Her advocacy work with her students caught the eye of the liberal governor, who encouraged Mandell and her students to lobby the legislature for an increase in A.F.D.C. grant money, which as Mandell had already publicized, was well below the level of need. The lobbying effort led to an increase in funding. This same level of commitment continued with her move to the University of Connecticut and, finally, at Bridgewater State College in Massachusetts. She was one of the founders of Survival News, a newsletter devoted to informing the public about the lives and needs of the welfare poor and their encounters with public bureaucracy. She also helped establish Survivors Inc., an advocacy group run for and by its low-income members. Mandell has been instrumental in organizing low-income students on college campuses and she was asked to join a media project financed by Haymarket People’s Fund to improve media reporting in welfare issues.
In 1967, Mandell moved to Hartford Connecticut where she became Project Director for the Parent Research project (fund by NIMH.) and a professor at the University of Connecticut.
Mandell served as an assistant and associate professor at Boston State College’s Department of Sociology and Anthropology from 1969 – 1981. She directed the social work program and served as Acting Chair of the department for a year.
Mandell taught at Bridgewater State College from 1981 to 1994. Her courses included social welfare policy, community organizing, and social work practice with women, minorities and the poor. She did not keep her teaching confined to the classroom, taking students out “to the streets” to advocate and lobby for reform. Mandell served as a member of the Base Curriculum Project, which constructed a base curriculum for human service workers at ten Massachusetts state colleges. She helped secure Title XX funding for this program. While at Bridgewater, Mandell began her collaboration with Ann Withorn, a professor at the University of Massachusetts, Boston. The collaboration led to the founding of Survival News.
After her retirement from teaching and research, Mandell has stayed active, continuing to write editorials to newspapers such as the Boston Globe and contributing observations and articles to Survival News.
Betty Mandell received her M.S.W. from Columbia University in 1952. She received her M.A. in religious education from Union Theological Seminar and her B.S. in sociology from Colorado State University.
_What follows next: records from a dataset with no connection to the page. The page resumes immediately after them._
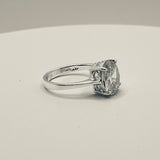Oval Solitaire 12mm Diamond Side Detail Ring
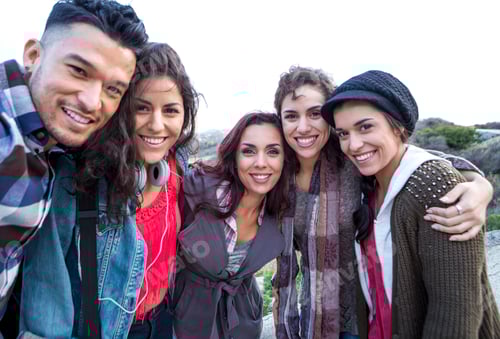 Vista previa: Retrato de un joven y cuatro hermanas adultas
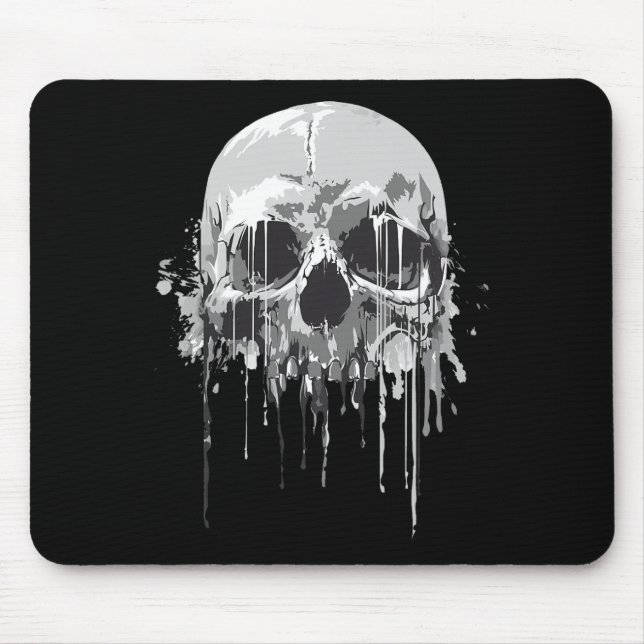 Melting Skeleton Dripping Scary Skull Halloween Co Mouse Mat (Front)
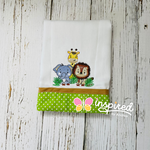 Safari Baby Themed Two Burp Cloths and Bib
Significant Achievements and Awards
1997: Lifetime Achievement award from Boston's Rosie’s Place, the first drop-in and emergency shelter for poor and homeless women in the country
1994: Recognition for outstanding service by the Women’s Studies Program at Bridgewater State College
Betty Reid Mandell has written dozens of books, book chapters, articles, and reviews. Some of the highlights are:
Mandell, B.R. & Schram, B. (2012). An Introduction to Human Services: Policy and Practices. (8th edition.) Pearson.
Mandell, B.R. (Ed.) (2010). The Crisis of Caregiving in America: Social Welfare Policy in the United States. New York, NY:Palgrave Macmillan.
Mandell, B.R. (1997). Downsizing the welfare state, New Politics 6(2), 33-38.
Mandell, B.R. (1995). Why can’t we care for our own children? Feminist Economics, 1(2), 99-104.
Mandell, B.R. (Ed. and contributor) (1975). Welfare in America: Controlling the “Dangerous Classes”. Englewood Cliffs, NJ: Prentice-Hall.